U.S. Senate Appropriations Committee Approves Measure That Would Allow VA Physicians to Recommend Medical Marijuana to Veterans
The bipartisan appropriations amendment is intended to ease access to medical marijuana for veterans suffering from post-traumatic stress disorder, serious injuries, and other debilitating conditions
WASHINGTON — The U.S. Senate Appropriations Committee on Thursday approved an amendment to the Military Construction and Veterans Affairs Appropriations bill that is intended to ease access to medical marijuana for veterans suffering from post-traumatic stress disorder, serious injuries, and other debilitating conditions.
The amendment, authored by Sens. Steve Daines (R-MT) and Jeff Merkley (D-OR), would prohibit the spending of funds on enforcement of a Veterans Health Administration directive that prohibits VA physicians from recommending medical marijuana to their patients, even in states that have made it legal.

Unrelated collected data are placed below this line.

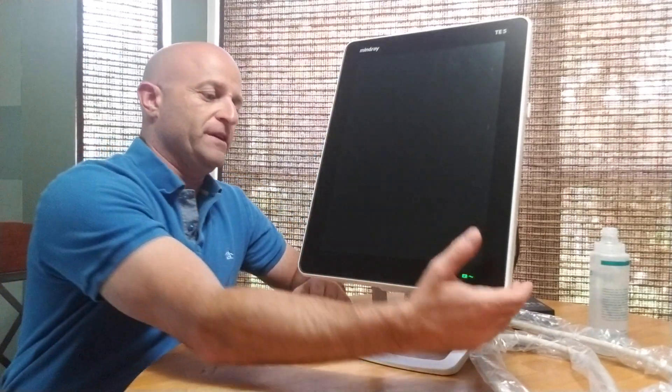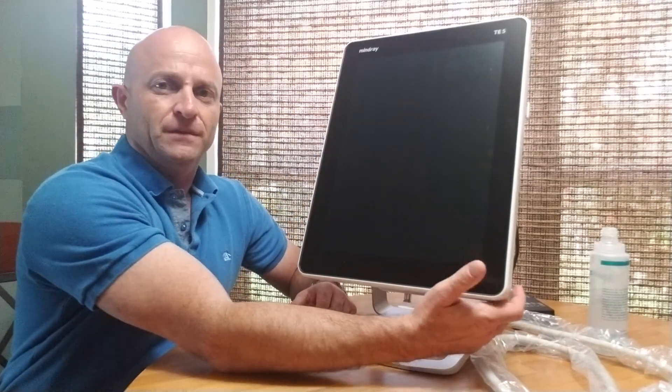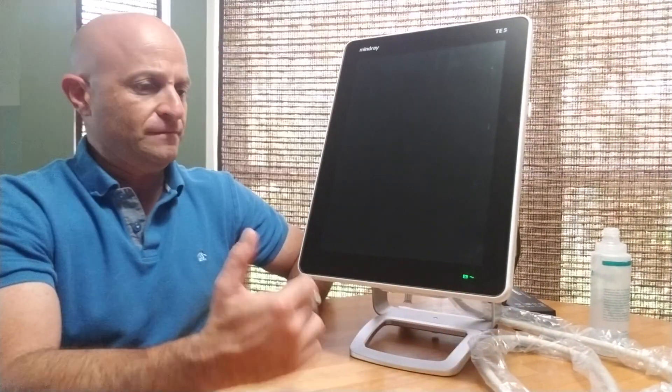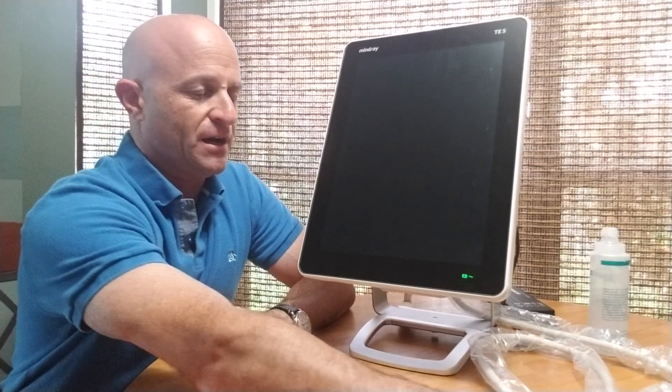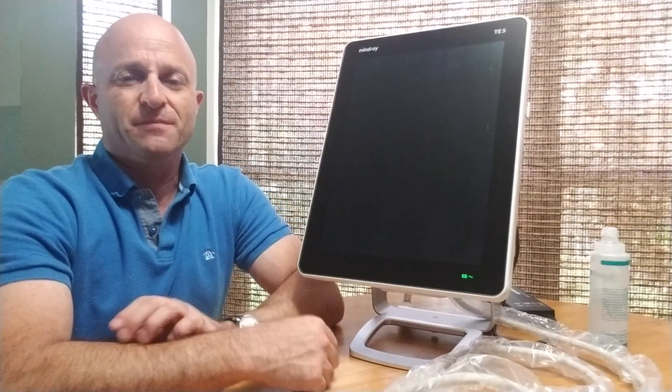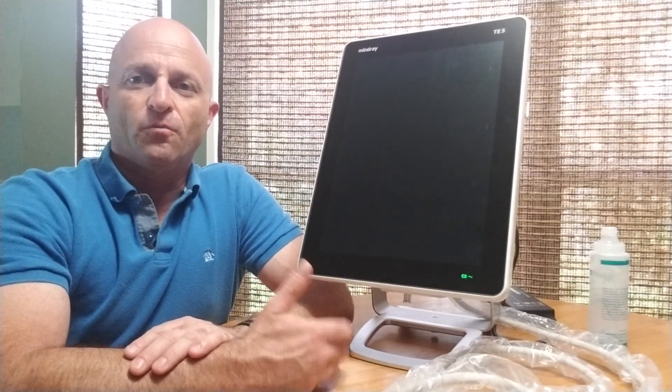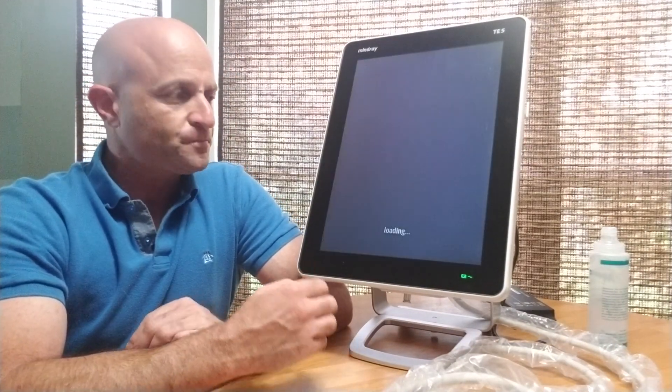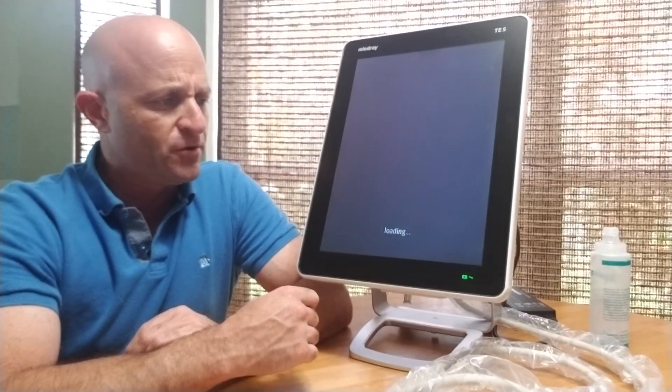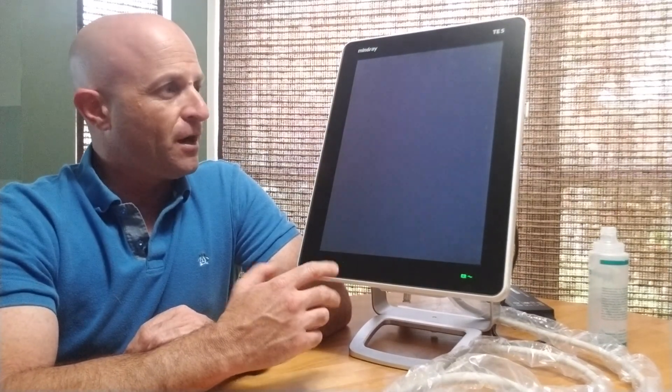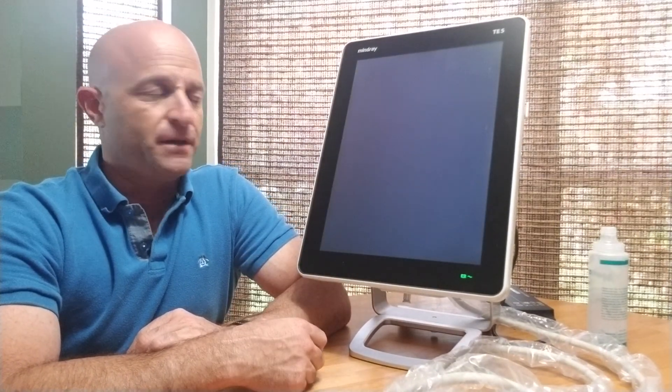One feature here is the very fast boot-up time, which seems to be common with Mindray platforms. It's got a quick boot-up and a nice backup battery.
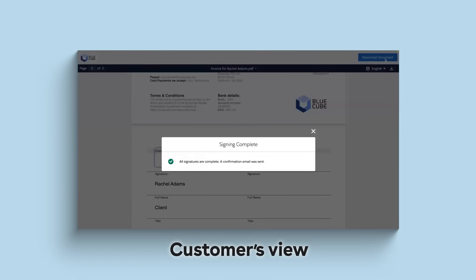Once signed, a confirmation will populate. A copy of the signed document will also be emailed to the customer.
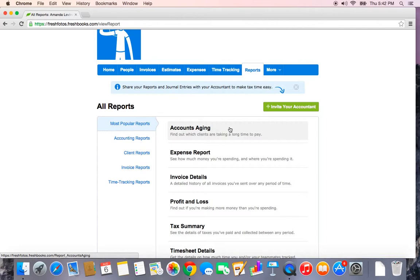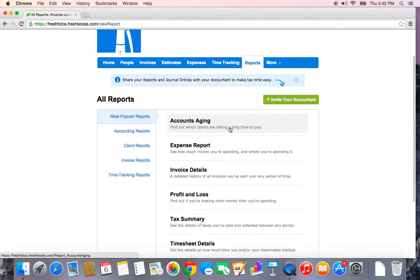The Accounts Aging Report is broken down by client. It will tell you how long it's taken them to pay and how much money they owe you. If you actually click on the outstanding amount, it will take you directly to a list of outstanding invoices, so it's hyperlinked and very handy that way.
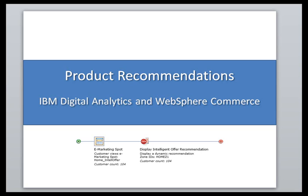Hello and welcome. Today I'm going to talk about product recommendations. I'm going to show how IBM Digital Analytics is integrated with WebSphere Commerce. So let's go ahead and get started.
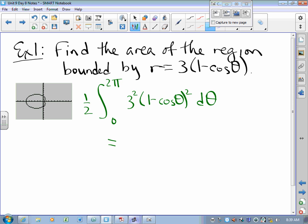So the three squared comes out, giving us a factor of 9. Now I need to integrate (1 minus cosine theta) squared, and I don't immediately know how to integrate that.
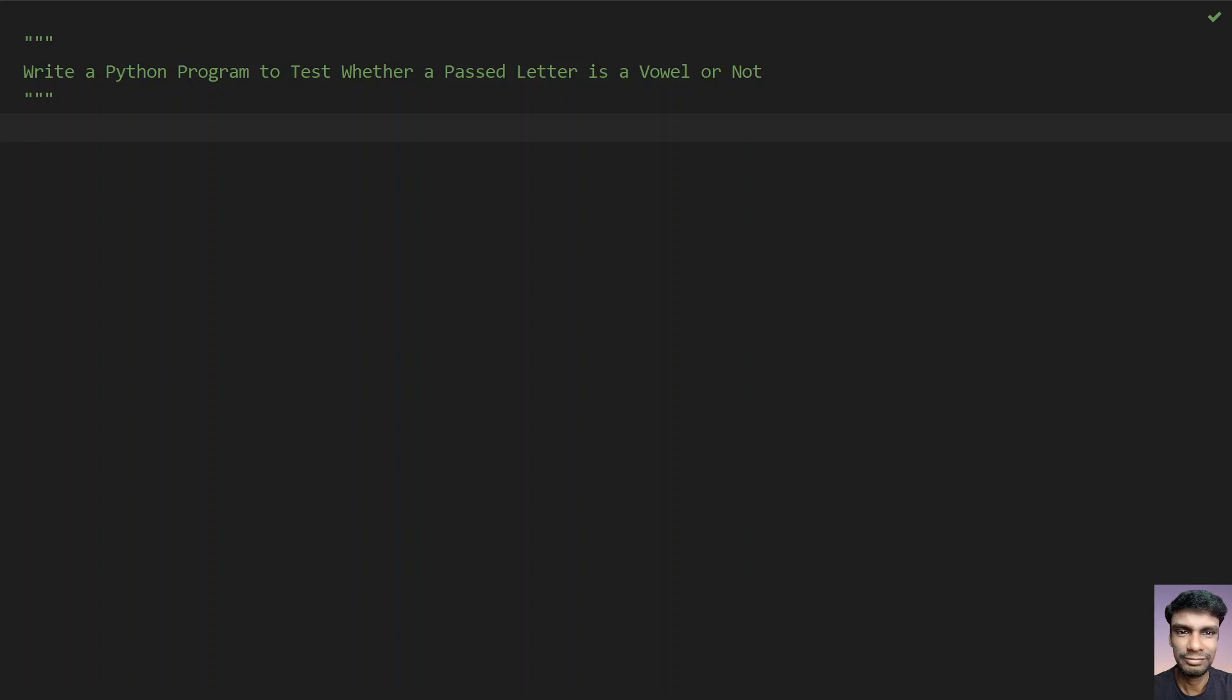you will learn about how to write a Python program to test whether a passed letter is a vowel or not. So given a letter from the user, you have to check if it is a vowel or not. So if a letter is a vowel, so it should be within this.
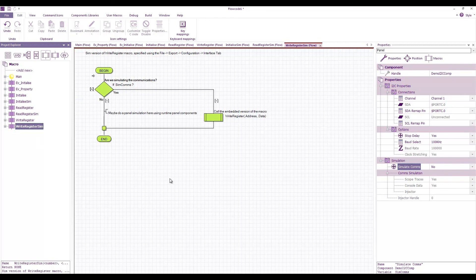I hope this has been useful. I've been Ben Rowland. This has been Flowcode version 9.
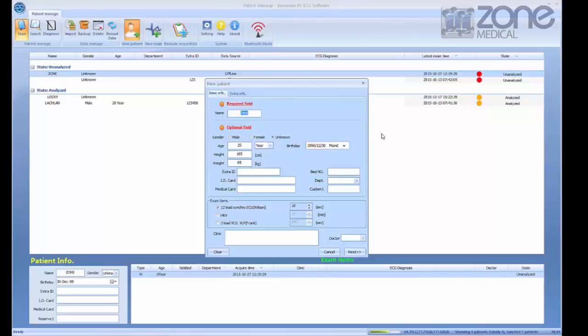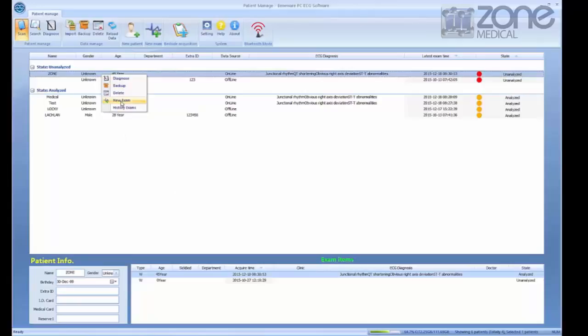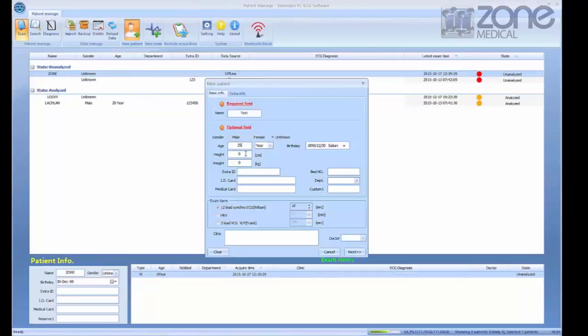You can also run a test from an existing patient on the software homepage by right-clicking on the patient name and clicking new exam. Then you can change any relevant details since their last test.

“Monitoring patients’ medication decisions and engaging in frank conversations about treatment options are core aspects of the doctor-patient relationship,” said Robert Capecchi, director of federal policies for the Marijuana Policy Project. “The current policy flies in the face of those objectives. It does nothing to help our veterans, but can potentially hurt them.”
If enacted, VA physicians would no longer face penalties for discussing medical marijuana with their patients or completing the paperwork patients must submit in order to participate in state medical marijuana programs. Currently, veterans in states with medical marijuana laws must find a doctor outside of the VA system to discuss medical marijuana as a treatment option and provide the requisite documentation.
“This measure removes unnecessary barriers to medical marijuana access for the men and women who have volunteered to serve in our armed forces,” Capecchi said. “It will save veterans time and money, and it will allow them to have more open and honest discussions with their primary care providers.”
In order to become law, the full Senate must approve the appropriations bill, the House must adopt similar language in its Military Construction and Veterans Affairs appropriations bill, and the president would have to sign it. The Senate Appropriations Committee approved a similar amendment last year, but it was not included in the final spending bill.